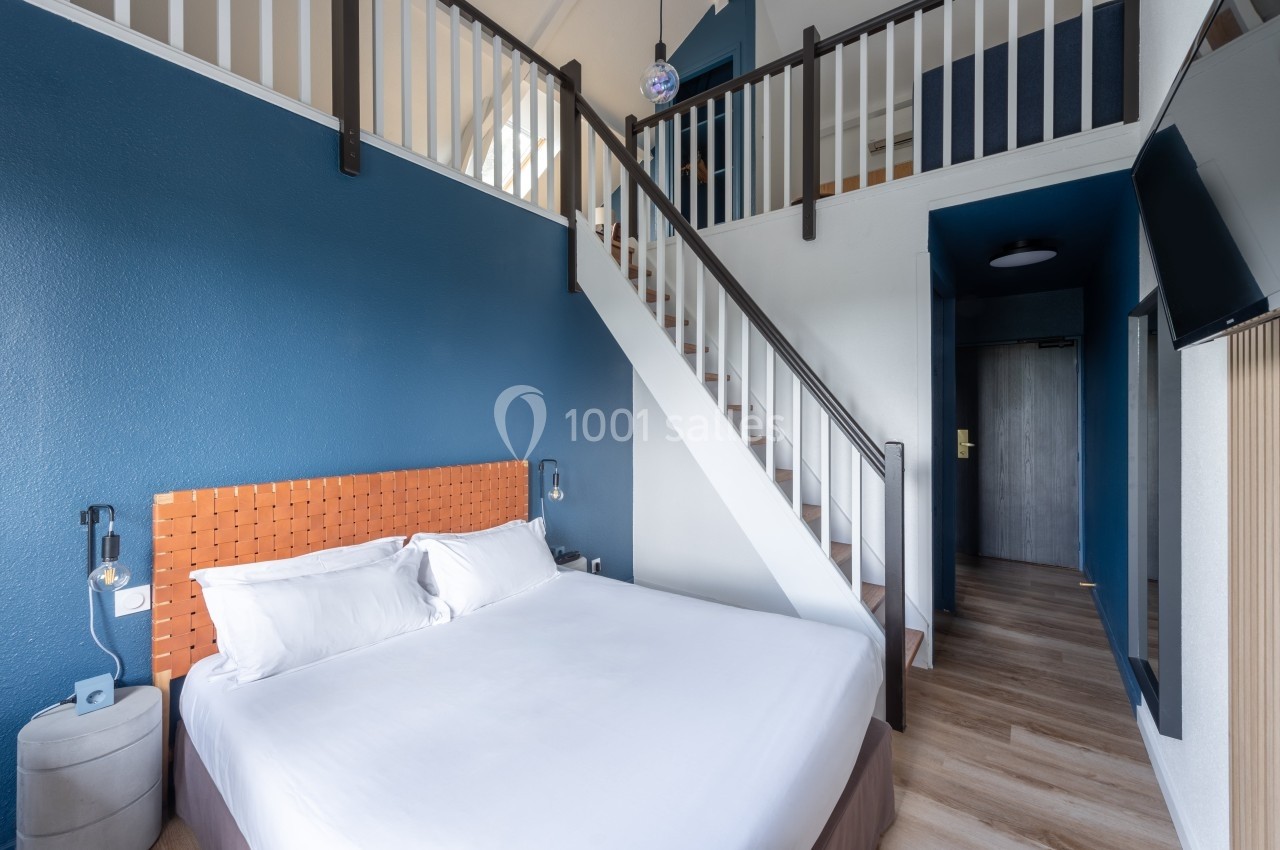 Chambre avec lit double, mezzanine, murs bleus, escalier en bois blanc et télévision fixée au mur.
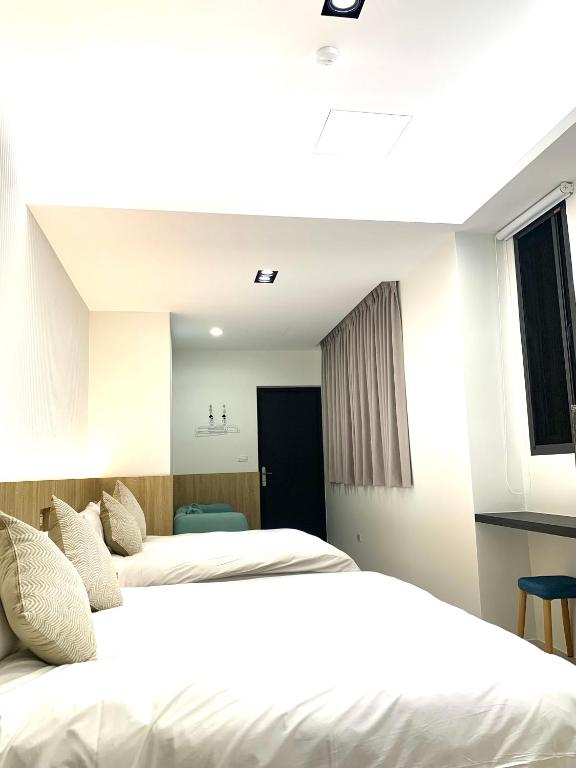 Postel nebo postele na pokoji v ubytování Jabez Homestay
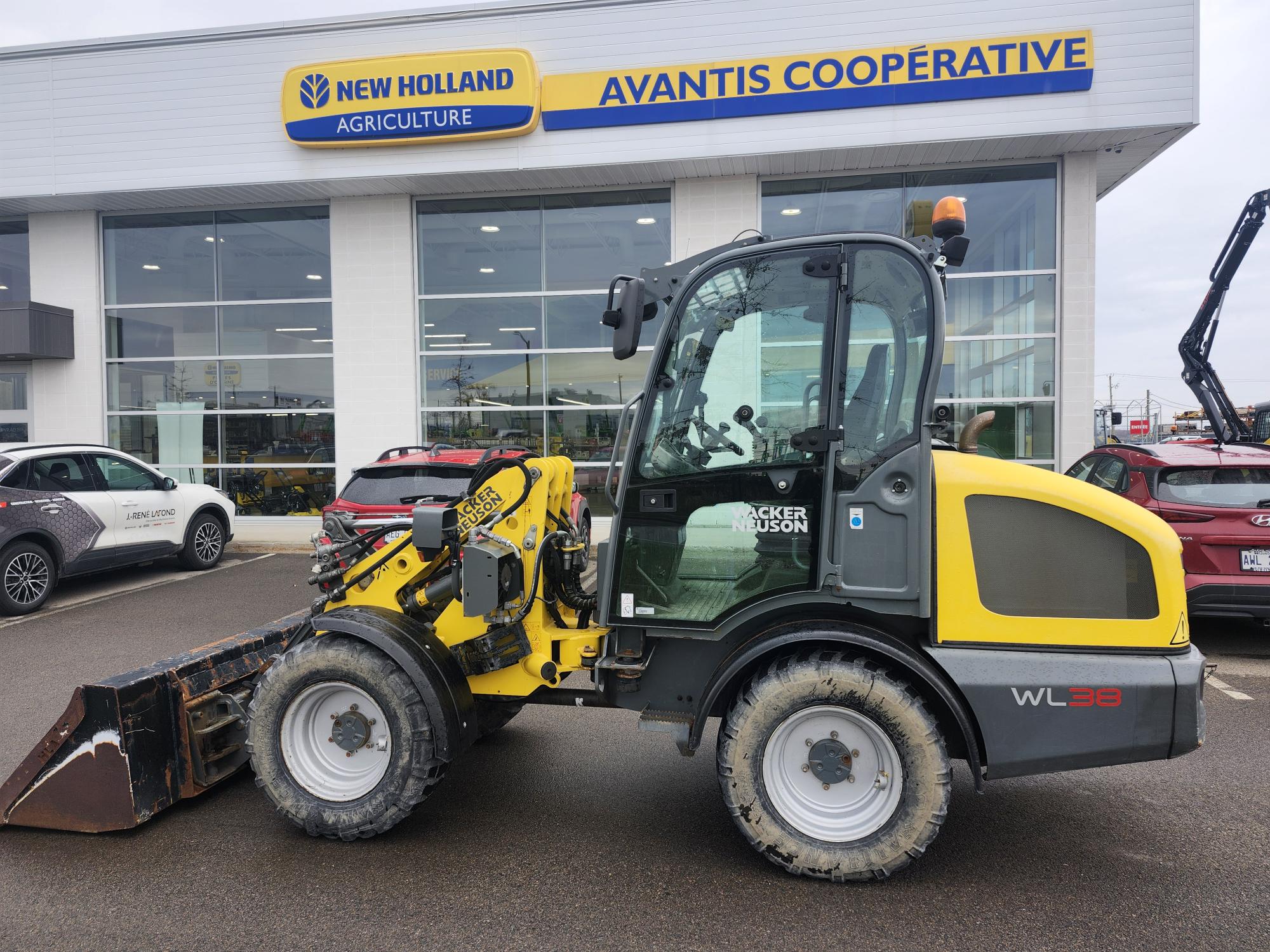 Une chargeuse sur pneus Wacker Neuson WL38 jaune et grise est garée devant un bâtiment de la coopérative agricole New Holland Avantis par temps nuageux. Plusieurs voitures sont garées à proximité.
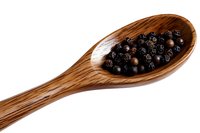 Whole black peppercorns in wooden spoon on white background, macro food photography for cooking, culinary and spice marketing materials.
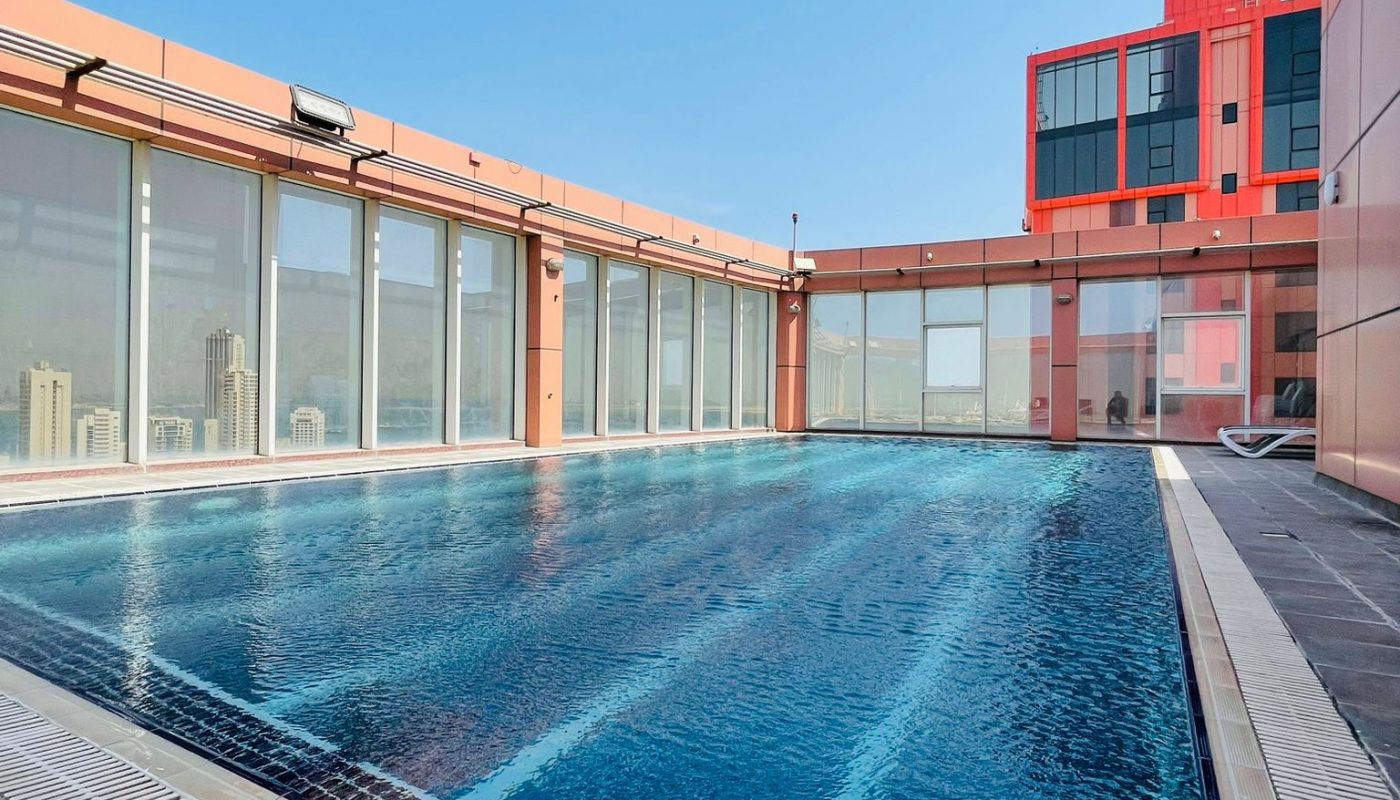 Outdoor rooftop swimming pool with clear blue water, surrounded by a modern building with glass walls and red accents under a clear sky.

*PROBLEM DETAILS*
Every entry above should be written out again verbatim, with no pictures included.

*YOUR SOLUTION*
 Chambre avec lit double, mezzanine, murs bleus, escalier en bois blanc et télévision fixée au mur.
 Postel nebo postele na pokoji v ubytování Jabez Homestay
 Une chargeuse sur pneus Wacker Neuson WL38 jaune et grise est garée devant un bâtiment de la coopérative agricole New Holland Avantis par temps nuageux. Plusieurs voitures sont garées à proximité.
 Whole black peppercorns in wooden spoon on white background, macro food photography for cooking, culinary and spice marketing materials.
 Outdoor rooftop swimming pool with clear blue water, surrounded by a modern building with glass walls and red accents under a clear sky.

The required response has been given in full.